Why Is Gold Going Up?

The price of gold reached record levels when it reached a trading price of $1,943.93 per ounce—the highest price since September 2011—with the spot gold price rising 2.2 percent on Monday morning. But why is the price of gold going up?

The coronavirus pandemic has resulted in global uncertainty, with rising political tensions between the U.S. and China exacerbating investors' concerns.

Economies are struggling to reopen after lockdown and there is a threat of a large global recession. In the U.S., amid the pandemic and stay-at-home orders, businesses closed and employees were furloughed, so the U.S. government borrowed money to support its economy.

The U.S. dollar has fallen to its lowest level in years, increasing concerns about the U.S. economy. Investors are increasingly worried about the purchasing power of the U.S. dollar.

Gold tends to move inversely with the U.S. dollar, so a weaker dollar means an increase in the value of gold. Therefore, gold is seen by some as a safer investment than other assets in uncertain times.

Gold bar
British salvage diver Keith Jessop (1933 - 2010) of Jessop Marine, holding the first gold bar recovered from the British cruiser 'HMS Edinburgh', circa 1981. The price of gold increased on July 27, 2020, to the highest price since September 2011. Keystone/Getty

As CNBC Asia Markets Editor Weizhen Tan wrote: "There is an inverse relationship between gold prices and real yields. Real yield is an investment return that has been adjusted for inflation.

"When real yields go down, gold prices will go up, and vice versa. In such a scenario, the opportunity cost of holding gold, a non-yielding asset, is lower as investors are not foregoing interest that would be otherwise earned in yielding assets."

As the dollar drops in value, the price of gold tends to increase. With investors nervous about the future of the economy and the power of the U.S. dollar, experts predict that the value of gold will increase further.
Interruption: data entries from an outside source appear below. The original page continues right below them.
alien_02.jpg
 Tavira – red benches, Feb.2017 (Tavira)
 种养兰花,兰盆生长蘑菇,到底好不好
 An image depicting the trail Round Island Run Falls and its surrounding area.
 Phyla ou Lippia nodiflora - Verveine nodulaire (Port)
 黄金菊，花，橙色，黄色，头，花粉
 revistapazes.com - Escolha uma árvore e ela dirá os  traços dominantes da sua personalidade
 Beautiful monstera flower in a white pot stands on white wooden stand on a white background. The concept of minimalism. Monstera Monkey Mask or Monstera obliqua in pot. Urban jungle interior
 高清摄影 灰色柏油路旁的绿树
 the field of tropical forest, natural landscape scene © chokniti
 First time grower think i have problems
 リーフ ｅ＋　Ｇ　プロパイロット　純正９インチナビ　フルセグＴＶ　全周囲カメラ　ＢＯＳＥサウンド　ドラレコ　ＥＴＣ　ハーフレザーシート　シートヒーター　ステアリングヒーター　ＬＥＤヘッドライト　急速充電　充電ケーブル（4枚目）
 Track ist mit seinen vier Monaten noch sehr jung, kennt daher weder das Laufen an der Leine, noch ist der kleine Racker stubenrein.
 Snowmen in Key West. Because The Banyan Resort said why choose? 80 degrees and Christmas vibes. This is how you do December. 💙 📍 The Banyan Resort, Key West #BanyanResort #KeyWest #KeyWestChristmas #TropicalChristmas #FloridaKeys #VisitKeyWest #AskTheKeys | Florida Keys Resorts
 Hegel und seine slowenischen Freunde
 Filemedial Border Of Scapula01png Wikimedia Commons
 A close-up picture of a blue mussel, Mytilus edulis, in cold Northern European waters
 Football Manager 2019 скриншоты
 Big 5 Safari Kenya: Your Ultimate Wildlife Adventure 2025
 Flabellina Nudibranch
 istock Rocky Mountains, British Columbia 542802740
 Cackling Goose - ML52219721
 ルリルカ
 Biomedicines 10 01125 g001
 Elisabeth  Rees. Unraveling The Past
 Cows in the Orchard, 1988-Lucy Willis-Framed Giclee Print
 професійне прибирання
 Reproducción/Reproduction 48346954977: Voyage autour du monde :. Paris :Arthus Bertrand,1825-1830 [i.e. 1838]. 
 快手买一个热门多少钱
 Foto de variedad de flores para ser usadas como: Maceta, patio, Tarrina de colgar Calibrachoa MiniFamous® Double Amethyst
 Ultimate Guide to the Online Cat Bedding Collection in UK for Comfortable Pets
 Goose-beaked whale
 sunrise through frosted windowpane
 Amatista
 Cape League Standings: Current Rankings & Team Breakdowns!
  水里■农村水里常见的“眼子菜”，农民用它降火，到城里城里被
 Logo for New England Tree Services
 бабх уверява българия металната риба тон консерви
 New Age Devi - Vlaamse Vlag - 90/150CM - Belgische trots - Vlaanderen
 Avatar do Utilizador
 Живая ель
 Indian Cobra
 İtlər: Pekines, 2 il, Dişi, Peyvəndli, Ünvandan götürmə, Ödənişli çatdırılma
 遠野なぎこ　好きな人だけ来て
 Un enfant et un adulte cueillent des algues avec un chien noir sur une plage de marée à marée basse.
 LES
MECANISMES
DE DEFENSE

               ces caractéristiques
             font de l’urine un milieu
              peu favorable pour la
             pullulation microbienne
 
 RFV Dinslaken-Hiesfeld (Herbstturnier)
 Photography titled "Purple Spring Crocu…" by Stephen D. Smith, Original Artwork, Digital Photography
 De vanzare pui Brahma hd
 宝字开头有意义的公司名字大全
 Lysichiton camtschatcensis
Some analysts believe that the price of gold will even reach $2,000.

Mark Haefele, the chief investment officer at UBS Global Wealth Management, told The Guardian: "In our view the primary drivers of the gold price are its negative correlation to real interest rates and the dollar.

"We think these factors, in combination with limited supply growth as miners continue to restrain capital spending, will drive gold prices higher."

Joshua Rotbart, managing partner at precious metals dealer J. Rotbart & Co., also predicted that gold prices will reach beyond $2,000 by the end of the year. He told CNBC: "Investors are nervous, they are afraid, there's a fear factor and they are rushing to gold."